The discussion centers on the reasons behind the principle that the horizon area of a black hole never decreases, as articulated in Hawking's Area Theorem. Participants explore the implications of this theorem within the context of black hole thermodynamics, including classical and quantum considerations.

Discussion Character

  • Technical explanation
  • Conceptual clarification
  • Debate/contested

Main Points Raised

  • Some participants reference Hawking's Area Theorem, stating that the change in horizon area over time is non-negative (dA/dt ≥ 0).
  • Others mention the Second Law of Black Hole Thermodynamics, which asserts that the area of the event horizon does not decrease during classical processes, and that it can only increase under certain conditions, such as the addition of mass or reduction of spin or charge.
  • A participant questions the basis for the theorem and asks what would occur if the area were to decrease, suggesting a potential violation of conventional understanding.
  • Another participant explains that Hawking's proof relies on a geometric argument involving outgoing light rays that cannot escape from the black hole, implying that the number of such rays—and thus the horizon area—cannot decrease.
  • There is a clarification regarding the conditions under which the black hole's event horizon area can remain stable or increase, including the possibility of increasing spin or charge.
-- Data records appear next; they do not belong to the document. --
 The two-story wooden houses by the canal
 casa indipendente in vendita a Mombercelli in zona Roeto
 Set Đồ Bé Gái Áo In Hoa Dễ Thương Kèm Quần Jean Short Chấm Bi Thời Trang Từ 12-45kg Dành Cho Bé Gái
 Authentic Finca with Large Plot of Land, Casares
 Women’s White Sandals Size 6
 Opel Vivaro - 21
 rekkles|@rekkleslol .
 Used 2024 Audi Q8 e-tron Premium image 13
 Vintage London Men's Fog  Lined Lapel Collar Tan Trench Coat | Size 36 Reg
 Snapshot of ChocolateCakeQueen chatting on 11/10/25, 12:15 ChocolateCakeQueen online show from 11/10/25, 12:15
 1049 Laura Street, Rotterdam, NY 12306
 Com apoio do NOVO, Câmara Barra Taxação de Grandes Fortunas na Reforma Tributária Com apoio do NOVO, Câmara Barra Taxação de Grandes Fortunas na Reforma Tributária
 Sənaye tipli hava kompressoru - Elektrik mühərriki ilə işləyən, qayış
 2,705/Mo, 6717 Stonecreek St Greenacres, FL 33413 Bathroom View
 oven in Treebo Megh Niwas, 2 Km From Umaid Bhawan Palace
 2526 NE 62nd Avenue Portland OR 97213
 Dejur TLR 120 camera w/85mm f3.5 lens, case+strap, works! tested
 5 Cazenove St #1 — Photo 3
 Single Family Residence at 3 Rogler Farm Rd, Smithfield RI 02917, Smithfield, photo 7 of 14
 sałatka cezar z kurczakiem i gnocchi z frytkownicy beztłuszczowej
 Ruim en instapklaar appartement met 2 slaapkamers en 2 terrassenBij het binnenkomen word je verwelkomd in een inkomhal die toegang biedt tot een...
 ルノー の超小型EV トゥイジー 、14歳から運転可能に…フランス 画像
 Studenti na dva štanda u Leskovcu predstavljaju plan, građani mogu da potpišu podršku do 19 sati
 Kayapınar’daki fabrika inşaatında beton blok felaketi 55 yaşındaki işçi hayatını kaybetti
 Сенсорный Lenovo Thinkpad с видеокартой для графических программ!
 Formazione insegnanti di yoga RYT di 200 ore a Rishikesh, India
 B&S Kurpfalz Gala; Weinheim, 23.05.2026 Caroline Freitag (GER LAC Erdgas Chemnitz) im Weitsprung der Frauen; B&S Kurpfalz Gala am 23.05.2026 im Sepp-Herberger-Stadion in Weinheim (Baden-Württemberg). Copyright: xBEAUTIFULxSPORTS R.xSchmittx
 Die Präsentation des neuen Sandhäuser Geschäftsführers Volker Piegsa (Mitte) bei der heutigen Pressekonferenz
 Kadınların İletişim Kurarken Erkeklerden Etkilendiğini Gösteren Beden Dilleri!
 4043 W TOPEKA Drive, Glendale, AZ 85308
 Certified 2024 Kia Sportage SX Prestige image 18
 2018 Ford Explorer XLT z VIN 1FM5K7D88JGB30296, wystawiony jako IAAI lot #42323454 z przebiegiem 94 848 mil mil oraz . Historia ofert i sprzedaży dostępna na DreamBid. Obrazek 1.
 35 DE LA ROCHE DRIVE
Areas of Agreement / Disagreement

Participants generally agree on the non-decreasing nature of the black hole horizon area in classical contexts, but there are unresolved questions regarding the implications of a hypothetical decrease in area and the role of quantum effects.

Contextual Notes

Some assumptions about classical versus quantum effects are present, and the discussion does not resolve the implications of potential violations of the established principles of black hole thermodynamics.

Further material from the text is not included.